そこで検討するに、放置違反金の納付命令の制度は、駐車違反にかかる違反行為者たる運転者の責任追及を十分なしえない事態にかんがみ、車両の包括的な運行支配を有する使用者に対して放置違反金を課することによってその責任追及を強化し、もって違法駐車を抑止することを目的として導入された制度である。
そして、同制度が、本来的に使用者が負っている責任を強化するものであることからすると、同制度上の使用者の責任は、運転者の責任とは別個に追及しうるものといえる。法51条の4第4項ただし書きは、この両立する責任について、「当該違法駐車行為に係る事件について公訴を提起され」た場合には、車両の使用者に対する納付命令を発しないと規定している。
ところで、公訴を提起するか否かは、原則として検察官の専権に委ねられているのであって、運転者が反則金の納付をしない場合に、検察官の判断により運転者に対する公訴が提起されないことは当然に予定されているというべきである。にもかかわらず、上記ただし書きは、かかる場合を使用者に納付命令を発しえない場合として規定していない。
また、上記制度の目的に照らすと、同条項ただし書きは、既に運転者に対する責任追及がなされていると評価できる場合には、重ねて納付命令による使用者の責任追及をしないこととしたものと解すべきであって、この意味で、法は使用者の責任を補充的な責任と位置づけているといえるが、それ以上に、運転者に対して公訴提起をしない場合にまで使用者に対する責任追及を免れさせる趣旨を含むものと解することはできない。
そうすると、「公訴を提起され」た場合には、公訴提起をしない場合は含まれないものと解するのが相当である。
以上より、原告の上記主張には理由がない。
(3) さらに、原告は、実質的には原告車両は違法駐車車両に該当しないにもかかわらず、形式的に駐車禁止場所に駐車したということのみで、違法駐車車両に該当すると判断している違法があると主張する。
しかしながら、放置違反金の納付命令等の手続について定めた法51条の4によれば、駐車車両が、法51条1項にいう「違法駐車と認められる場合」であって、その運転者がこれを離れて直ちに運転することができない状態にある場合に、確認標章の取り付けの対象となるところ、本件駐車場所は駐車禁止場所に指定されており、駐車禁止場所の指定は、公安委員会が交通の安全と円滑を図るなどのために必要があると認める場所について行われているものである(法4条、45条参照)。

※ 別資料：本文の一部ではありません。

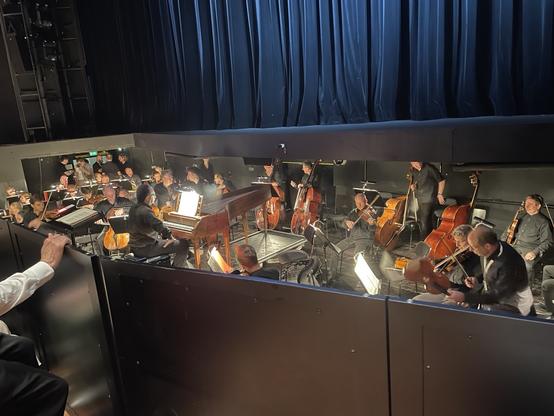 Orchestra warming up…stage lights and people in fancy dress; in the back the black theater curtain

本件では、上記争いのない事実等によれば、本件道路の幅員が、車道及び歩道を合わせて約18メートルであることが認められるが、このことによって直ちに本件道路についての駐車禁止場所の指定が不当とはいえず、他にこれを認めるに足りる事情もない。
以上より、原告の上記主張は採用できない。
2 以上のとおりであるから、本件督促処分は適法であり、原告の請求は理由がないからこれを棄却することとし、主文のとおり判決する。